Leave the pictures out. Retype exactly the lines below from the one containing "Detailed Fossil Predatory" through the one containing "Cherry Drozdovskaya", and no others.

BEGIN GIVEN RECORDS

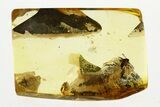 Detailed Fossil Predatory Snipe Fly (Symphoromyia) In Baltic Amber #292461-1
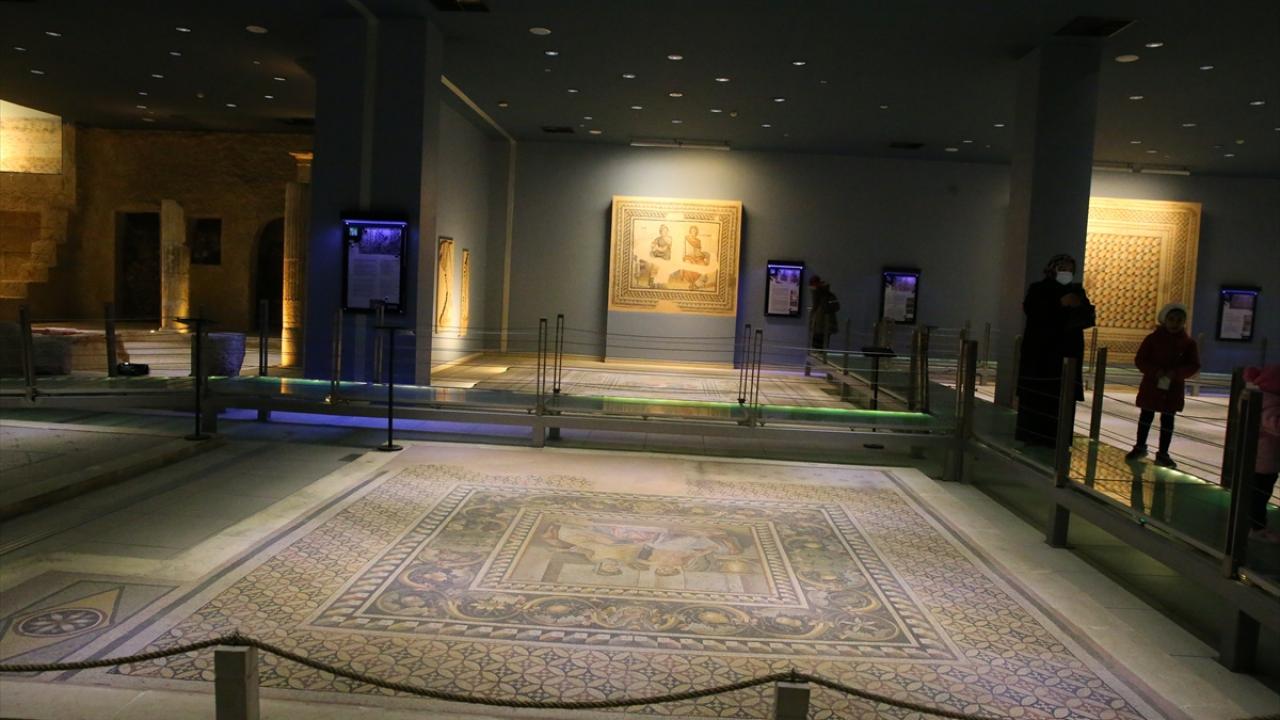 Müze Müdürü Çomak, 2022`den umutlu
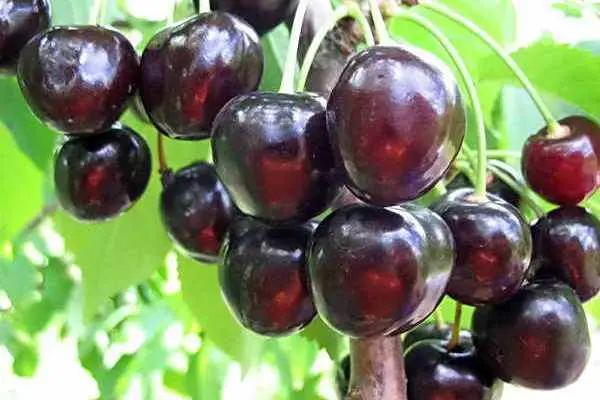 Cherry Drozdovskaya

END GIVEN RECORDS
BEGIN GIVEN RECORDS

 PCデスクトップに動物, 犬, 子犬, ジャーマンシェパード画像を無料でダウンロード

END GIVEN RECORDS

REPLY TO THE TASK:
 Detailed Fossil Predatory Snipe Fly (Symphoromyia) In Baltic Amber #292461-1
 Müze Müdürü Çomak, 2022`den umutlu
 Cherry Drozdovskaya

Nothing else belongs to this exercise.